When Dean Allison left his job as a property manager at AT&T T 0.36% in 1998, the company offered an incentive to retire: a payment of at least $63,000 upon his death.
He took the deal, figuring the money would someday help his wife cover funeral expenses, pay outstanding bills and have more to live on.
Early in 2021, AT&T told Mr. Allison it would pay no more than $15,000 if he dies after Dec. 31.
AT&T’s decision to cut life insurance and death benefits as of Jan. 1 for many of the 220,000 retirees eligible for the benefits has roiled a generation of workers who say their former employer is reneging on a promise.
The cuts don’t apply to top executives, who have life insurance under a separate company-paid program, which the company can’t reduce without their permission. AT&T will pay heirs of Randall Stephenson, who left as chief executive in 2020, $3.6 million under a life-insurance plan reviewed by the board last year, securities filings show.
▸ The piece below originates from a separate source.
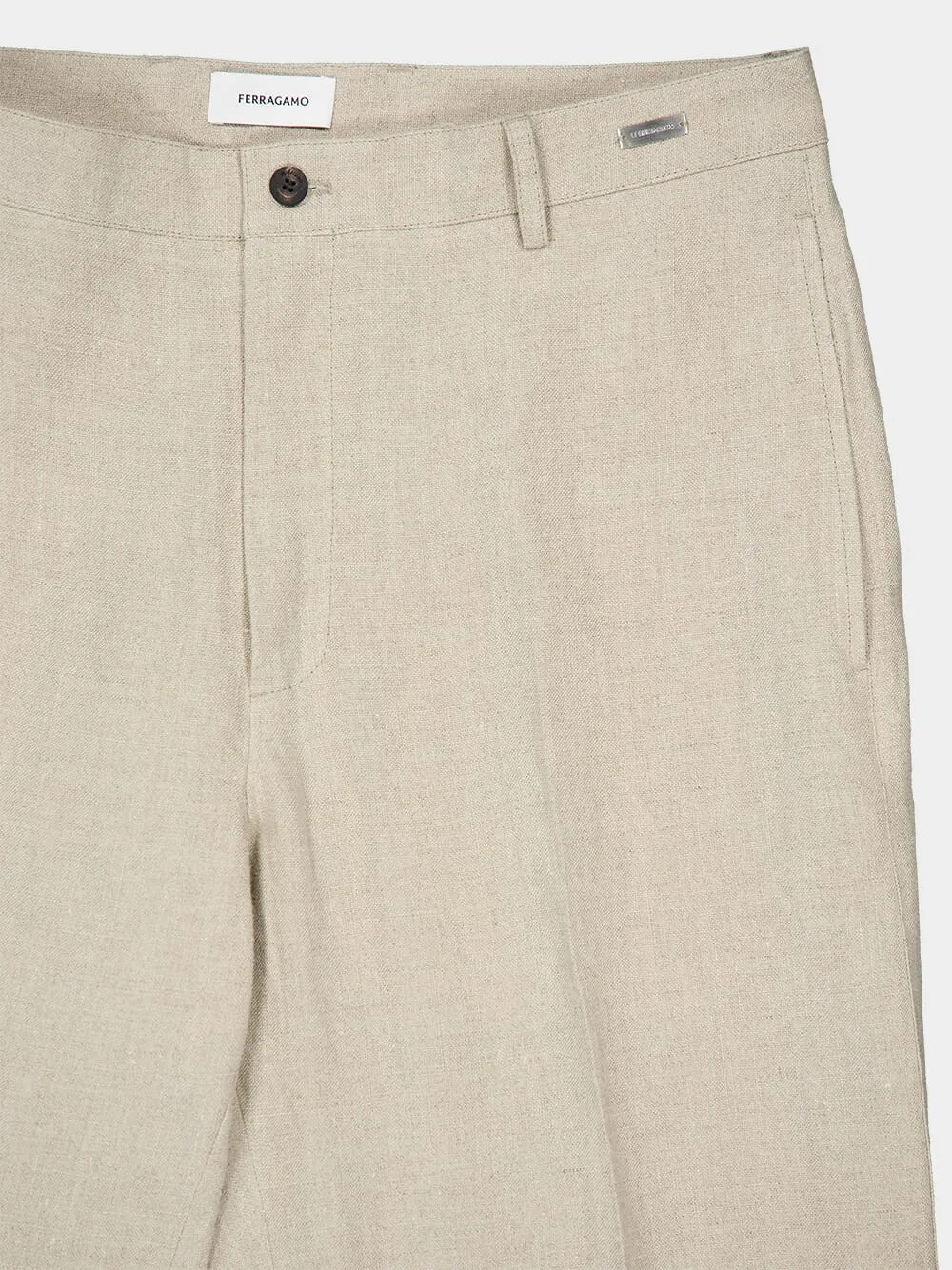 Beige Linen Trousers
AT&T said that the cuts for other retirees will bring their benefits more in line with benefits at other large employers, and that the change will increase payouts at death for more than 1,000 retirees. It said only a handful of Fortune 100 companies still offer most employees life insurance that continues after retirement.
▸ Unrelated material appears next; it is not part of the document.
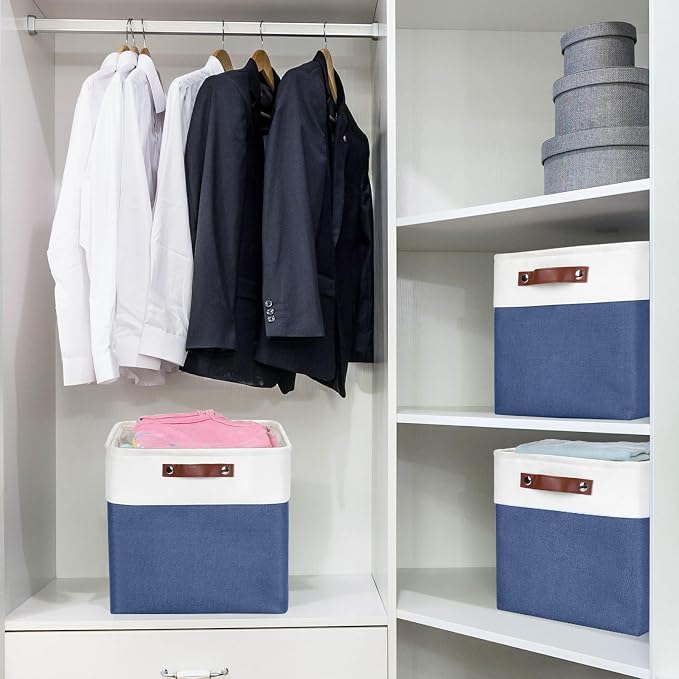 13x13 Cube Storage Bins, Collapsible Fabric Storage Box, 4 Pack Closet Baskets - Image 2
“We are working hard to responsibly balance the needs of the business and our taking care of our current 200,000 employees and 500,000 retirees and their dependents,” said an AT&T spokesman, Fletcher Cook. “It is admittedly a balancing act—one that many companies have not successfully navigated.”
That’s little comfort to Mr. Allison, 75 years old, of Stuart, Fla. “If they had told me this 10 years ago, that they were going to cut this, I could have done some planning,” he said.
Today’s AT&T Inc. is the product of decades of splits and mergers, a remnant of the telephone monopoly nicknamed “Ma Bell” that shed its regional operations in 1984. Other offshoots of that breakup have treated retirees’ benefits differently.
Verizon Communications Inc. hasn’t reduced already-retired workers’ life insurance or death benefits, though it has sold off business units to companies that later reduced them. Qwest Communications International Inc., now owned by Lumen Technologies Inc., eliminated retiree death benefits entirely, more than a decade ago. Both companies, like AT&T, have capped or reduced retirees’ health benefits as well.
In cutting existing retirees’ life-insurance benefits, AT&T joins a few other large companies that have done so in recent years. In 2019, 3M Co. roughly halved such benefits, and Howmet Aerospace Inc., a business carved out of Alcoa, eliminated life insurance for some retirees.
Unlike AT&T, both said their changes applied to executives, too. So did Corteva Inc., a seeds and chemicals company formed from DowDuPont that will end life insurance for about 50,000 retirees on Jan. 1. Vanguard Group recently backed off plans to eliminate retiree life insurance and other benefits after retirees protested.
When AT&T employees retired, the company told many of those who were managers that they had company-paid life insurance, which often equaled their final year’s pay, although the sum would decline by half once they hit age 70.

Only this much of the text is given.